Aleksandra Chruścicka

Graduated from Architectural Studies at Politechnika Krakowska, currently studying Graphic Arts at Academy of Art in Krakow. Interested in graphic design, experimental music and travelling.

Annika Romero

Annika Romero is a professional translator and freelance writer. She has a passion for history and language. Annika was raised and educated in Germany, and later completed a Certificate in Professional Translation at the University of Toronto before becoming a freelance translator. She has also worked as a contract linguist and German language proficiency tester for the U.S. government. Annika has translated a number of works for a variety of publishers. She now lives with her husband and children in South Dakota. Translated: Edmund Husserl’s letters.

Sonia Kamińska

I am a philosopher and translator, based in Kraków, Poland, currently working at the Jagiellonian University, Institute of Philosophy.
BIO: 2016-2019 adjunct, Jagiellonian University, on-going project: Mystical and rational interpretations of Aristotle’s psychology and especially his nous poietikos, financed by National Science Centre, Poland (NCN).
2014-2016 adjunct, University of Szczecin, project: Is mind in the head?

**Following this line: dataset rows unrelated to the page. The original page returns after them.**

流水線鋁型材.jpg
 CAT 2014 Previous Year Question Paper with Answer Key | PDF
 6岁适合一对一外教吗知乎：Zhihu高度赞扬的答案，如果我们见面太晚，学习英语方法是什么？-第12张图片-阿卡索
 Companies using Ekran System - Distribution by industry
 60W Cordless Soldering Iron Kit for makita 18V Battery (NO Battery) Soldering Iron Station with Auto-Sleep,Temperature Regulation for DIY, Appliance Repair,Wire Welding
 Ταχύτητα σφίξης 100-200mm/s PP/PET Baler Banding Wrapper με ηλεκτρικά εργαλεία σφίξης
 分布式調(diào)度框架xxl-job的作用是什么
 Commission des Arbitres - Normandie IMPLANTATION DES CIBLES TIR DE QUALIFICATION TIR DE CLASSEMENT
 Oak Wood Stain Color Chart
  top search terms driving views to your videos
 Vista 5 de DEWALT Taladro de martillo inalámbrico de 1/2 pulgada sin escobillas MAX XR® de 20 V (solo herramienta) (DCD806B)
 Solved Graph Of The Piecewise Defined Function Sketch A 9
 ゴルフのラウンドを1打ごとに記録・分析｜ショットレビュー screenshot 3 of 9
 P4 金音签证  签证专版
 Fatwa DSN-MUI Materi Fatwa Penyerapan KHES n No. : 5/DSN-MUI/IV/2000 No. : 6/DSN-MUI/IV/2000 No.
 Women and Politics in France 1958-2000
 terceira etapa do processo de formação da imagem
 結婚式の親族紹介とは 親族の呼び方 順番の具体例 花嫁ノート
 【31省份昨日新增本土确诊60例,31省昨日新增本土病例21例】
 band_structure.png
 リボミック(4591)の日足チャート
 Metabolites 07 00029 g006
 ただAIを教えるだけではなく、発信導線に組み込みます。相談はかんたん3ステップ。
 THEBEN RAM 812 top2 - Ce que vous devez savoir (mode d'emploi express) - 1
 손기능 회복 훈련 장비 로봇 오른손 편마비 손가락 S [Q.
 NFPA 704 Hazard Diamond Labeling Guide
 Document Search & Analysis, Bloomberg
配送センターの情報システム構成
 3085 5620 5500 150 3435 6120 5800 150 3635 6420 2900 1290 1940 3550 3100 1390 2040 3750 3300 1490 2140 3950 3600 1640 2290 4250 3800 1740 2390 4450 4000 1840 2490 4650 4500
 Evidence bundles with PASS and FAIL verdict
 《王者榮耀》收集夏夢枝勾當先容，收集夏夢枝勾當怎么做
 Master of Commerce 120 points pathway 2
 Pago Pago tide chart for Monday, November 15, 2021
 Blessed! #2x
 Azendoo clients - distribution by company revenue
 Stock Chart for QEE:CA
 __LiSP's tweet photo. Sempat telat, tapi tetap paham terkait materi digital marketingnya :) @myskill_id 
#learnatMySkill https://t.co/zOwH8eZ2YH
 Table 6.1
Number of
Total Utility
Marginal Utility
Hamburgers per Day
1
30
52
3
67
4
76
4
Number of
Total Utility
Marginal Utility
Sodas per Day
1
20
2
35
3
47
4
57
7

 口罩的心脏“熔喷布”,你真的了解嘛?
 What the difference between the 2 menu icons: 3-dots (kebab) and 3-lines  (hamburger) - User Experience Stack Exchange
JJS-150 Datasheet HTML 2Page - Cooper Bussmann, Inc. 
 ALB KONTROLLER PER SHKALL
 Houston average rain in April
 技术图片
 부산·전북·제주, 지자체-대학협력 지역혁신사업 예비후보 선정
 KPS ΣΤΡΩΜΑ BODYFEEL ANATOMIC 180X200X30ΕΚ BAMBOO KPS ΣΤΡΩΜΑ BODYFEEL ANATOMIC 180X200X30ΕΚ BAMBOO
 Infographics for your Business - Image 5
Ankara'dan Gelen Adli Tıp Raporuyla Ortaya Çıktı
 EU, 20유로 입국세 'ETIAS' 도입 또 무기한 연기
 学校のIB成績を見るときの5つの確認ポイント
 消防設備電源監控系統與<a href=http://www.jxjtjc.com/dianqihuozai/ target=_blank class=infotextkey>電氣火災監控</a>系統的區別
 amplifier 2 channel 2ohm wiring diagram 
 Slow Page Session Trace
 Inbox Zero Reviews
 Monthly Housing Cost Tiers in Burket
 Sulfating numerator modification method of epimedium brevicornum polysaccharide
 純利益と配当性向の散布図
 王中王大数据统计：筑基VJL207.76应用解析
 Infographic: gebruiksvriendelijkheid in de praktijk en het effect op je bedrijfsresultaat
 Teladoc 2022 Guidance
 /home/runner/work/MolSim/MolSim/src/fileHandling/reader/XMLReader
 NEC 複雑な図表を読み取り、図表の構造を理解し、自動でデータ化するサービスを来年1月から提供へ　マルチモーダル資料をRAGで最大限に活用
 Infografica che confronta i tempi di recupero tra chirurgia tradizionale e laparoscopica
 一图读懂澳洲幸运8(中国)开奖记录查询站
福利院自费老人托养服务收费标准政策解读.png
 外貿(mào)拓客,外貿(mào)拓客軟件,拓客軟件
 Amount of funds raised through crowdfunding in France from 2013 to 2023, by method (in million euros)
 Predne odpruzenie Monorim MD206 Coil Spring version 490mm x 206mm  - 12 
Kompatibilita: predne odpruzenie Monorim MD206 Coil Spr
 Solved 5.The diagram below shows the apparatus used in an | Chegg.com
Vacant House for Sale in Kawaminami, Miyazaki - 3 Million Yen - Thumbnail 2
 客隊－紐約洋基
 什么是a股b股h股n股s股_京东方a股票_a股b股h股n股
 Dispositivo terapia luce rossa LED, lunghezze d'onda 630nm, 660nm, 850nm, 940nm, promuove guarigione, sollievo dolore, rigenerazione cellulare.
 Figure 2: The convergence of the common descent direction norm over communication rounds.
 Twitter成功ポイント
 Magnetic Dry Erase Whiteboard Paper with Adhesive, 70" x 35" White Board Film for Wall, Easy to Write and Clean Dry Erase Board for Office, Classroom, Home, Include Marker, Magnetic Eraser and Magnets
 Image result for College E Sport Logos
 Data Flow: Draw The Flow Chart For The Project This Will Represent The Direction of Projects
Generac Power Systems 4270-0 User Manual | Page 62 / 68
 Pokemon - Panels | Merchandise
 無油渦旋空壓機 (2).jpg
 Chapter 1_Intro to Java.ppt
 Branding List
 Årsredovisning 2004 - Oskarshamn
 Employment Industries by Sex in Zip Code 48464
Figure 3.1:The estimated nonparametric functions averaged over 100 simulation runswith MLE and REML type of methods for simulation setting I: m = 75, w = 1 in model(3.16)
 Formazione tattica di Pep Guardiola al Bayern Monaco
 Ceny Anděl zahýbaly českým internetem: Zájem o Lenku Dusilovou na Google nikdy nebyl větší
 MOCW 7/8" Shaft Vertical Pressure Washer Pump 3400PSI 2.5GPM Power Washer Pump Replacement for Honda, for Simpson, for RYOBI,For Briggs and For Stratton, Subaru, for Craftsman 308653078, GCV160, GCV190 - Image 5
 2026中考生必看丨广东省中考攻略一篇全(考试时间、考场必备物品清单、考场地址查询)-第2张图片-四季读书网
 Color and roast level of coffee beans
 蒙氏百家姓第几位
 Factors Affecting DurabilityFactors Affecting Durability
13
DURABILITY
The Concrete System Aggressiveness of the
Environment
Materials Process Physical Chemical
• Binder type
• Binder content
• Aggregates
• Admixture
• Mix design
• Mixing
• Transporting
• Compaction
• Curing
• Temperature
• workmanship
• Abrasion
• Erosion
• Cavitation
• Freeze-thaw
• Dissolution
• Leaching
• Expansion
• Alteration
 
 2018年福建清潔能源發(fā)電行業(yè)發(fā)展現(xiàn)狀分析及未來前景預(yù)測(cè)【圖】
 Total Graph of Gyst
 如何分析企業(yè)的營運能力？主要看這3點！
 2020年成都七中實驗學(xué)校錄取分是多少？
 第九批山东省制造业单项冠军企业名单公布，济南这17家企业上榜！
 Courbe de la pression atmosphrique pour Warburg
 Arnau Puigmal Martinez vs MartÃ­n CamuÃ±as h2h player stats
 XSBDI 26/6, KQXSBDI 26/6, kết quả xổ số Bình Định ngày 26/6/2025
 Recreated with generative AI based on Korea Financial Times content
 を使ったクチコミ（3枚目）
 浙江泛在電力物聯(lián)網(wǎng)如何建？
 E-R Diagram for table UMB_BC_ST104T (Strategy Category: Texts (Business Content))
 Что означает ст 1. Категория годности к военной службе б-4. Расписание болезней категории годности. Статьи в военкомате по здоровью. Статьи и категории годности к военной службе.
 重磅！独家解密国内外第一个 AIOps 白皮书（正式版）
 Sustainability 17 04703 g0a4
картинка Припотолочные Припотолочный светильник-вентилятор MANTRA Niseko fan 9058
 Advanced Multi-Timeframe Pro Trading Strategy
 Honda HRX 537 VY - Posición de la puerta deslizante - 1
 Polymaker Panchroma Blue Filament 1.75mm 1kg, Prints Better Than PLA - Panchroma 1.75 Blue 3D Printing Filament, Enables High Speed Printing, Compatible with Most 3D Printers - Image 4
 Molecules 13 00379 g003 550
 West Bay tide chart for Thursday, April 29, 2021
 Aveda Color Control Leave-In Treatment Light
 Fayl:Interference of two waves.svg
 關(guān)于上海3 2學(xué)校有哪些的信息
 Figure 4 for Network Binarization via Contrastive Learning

Two philosophies of mind and two accounts of immortality in the philosophy of Franz Brentano, financed by National Science Centre, Poland (NCN).
Translated books: Franz Brentano, Aristotle and his world-view, trans. from German into Polish. Franz Brentano, Aristotle’s theory on the origin of human soul, trans. from German into Polish.
Interests: German literature, Vienna Secession, music, Lower Silesia (Wałbrzych & Sokołowsko). Translated: Ingarden’s lectures.

Mark Rudnicki

Associate Professor in the English Department at George Mason University in Fairfax, Virginia, USA.  He received an M.A. degree in Philosophy from the University of Memphis and a Ph.D. in comparative literature from SUNY Buffalo.  He was also the recipient of the Kosciuszko Fellowship to study at the Jagiellonian University Polish Philology Department.  His primary area of scholarly interest is in examining the intersections between philosophy and literature, particularly in writers and thinkers from the nineteenth to mid-twentieth century. He has presented at conferences on various topics including Witkacy, Gombrowicz, Schulz, Nietzsche, and Schopenhauer, and he has co-edited a collection of essays for an issue of the The Polish Journal of Aesthetics, entitled Witkacy in English. In his personal life, he enjoys spending time with his family and playing drums in his band. Translated: Witkacy’s letters.

Adrian Mróz

a doctoral student of the Faculty of Philosophy at the Jagiellonian University. His thesis concerns behavioral aesthetics. During his time away from the university, he enjoys playing saxophone and guitar for the band SMOGGG cinématique.

Łukasz Grzesiczak

Journalist, graduate of philosophy of the Jagiellonian University in Kraków, PhD student in the field of political science at the Faculty of Political Sciences of the Pedagogical University of Kraków. Currenty working on contemporary Polish-Czech relations.

Izabela Curyłło-Klag

PhD in literature studies, teaches in the Institute of English Studies at the Jagiellonian University in Kraków. Her research interests include comparative literary and cultural studies, modernist novel, visual arts, and the translation and reception of Polish artists abroad. She has published a monograph on representation of violence in modernist fiction, as well as numerous articles on modern and contemporary literature. She has also co-edited several volumes of critical essays and an anthology on migration to Great Britain in the course of three centuries.  Her current project is a comparative study of Witkacy and Wyndham Lewis. She is in the editorial team of the Witkacy! journal. She also collaborates with the Centre for Avant-Garde Studies at the Jagiellonian University, for whom she currently translates a book on avant-garde, democracy and law. Translated: Witkacy’s letters.